What ESG-Related Disclosures Should the SEC Mandate?

The Financial Economist Roundtable (“FER”) met in July 2021 to discuss current efforts to measure and require disclosure of firms’ ESG activities.[1]  The views of individual FER members about specific issues often differ, but the consensus was that financial regulators should be cautious in mandating disclosures.

Public comments by the current SEC commissioners suggest two opposing views: (1) increase disclosure substantially to include disclosure of environmental outcomes or (2) maintain the status quo because current rules for disclosing material risks cover environmental and social (E&S) activities.  We recommend increased disclosure, but we also recommend that the SEC not mandate disclosure of the firm’s impacts on E&S outcomes. The SEC should instead mandate disclosures on cash flows and cash flow risks related to E&S activities.

Existing calls for ESG reporting often fail to distinguish between two goals: (1) understanding the impact of E&S activities on the firm’s cash flows and (2) understanding how the firm’s activities affect the environment and society. Distinguishing between the two is essential because the SEC’s mandate covers only the first.

The second goal – helping readers understand how firms’ activities affect society – results, at least in part, from frustration with the lack of legislative and regulatory action on E&S issues.  In the absence of legislative action, proponents of SEC disclosure mandates want the SEC to enter the arena.
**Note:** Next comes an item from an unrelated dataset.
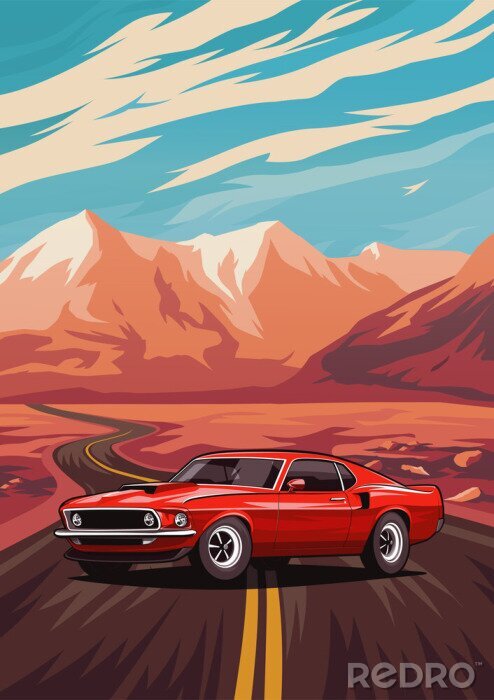 Poster Rood voertuig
They assume, without widely-accepted evidence, that the registrants’ disclosures would empower consumers, workers, and investors to pressure firms and lead to positive changes in firms’ E&S-related activities.  The SEC should not yield to pressure from proponents of mandated disclosures about firms’ E&S-related societal impacts, and the U.S. Congress should not require the SEC to mandate such disclosures.

Using the SEC as a tool to promote environmental and social change creates significant potential costs, with questionable benefit. First, any product and capital market pressures for firms to change their behaviors that arise from mandated disclosures impose a cost on firms. The burden of this cost would likely fall unequally on firms and among the different stakeholders of most firms. Second, what gets measured gets managed. By setting requirements for firms to disclose specific E&S outcomes, the SEC would involve itself in setting E&S priorities, potentially making the SEC a political tool.  Third, burdensome disclosure requirements will drive some public companies to become private and limit other firms’ willingness to go public. This incentive could inhibit capital formation, contrary to the SEC’s mandates to facilitate capital formation and efficient markets.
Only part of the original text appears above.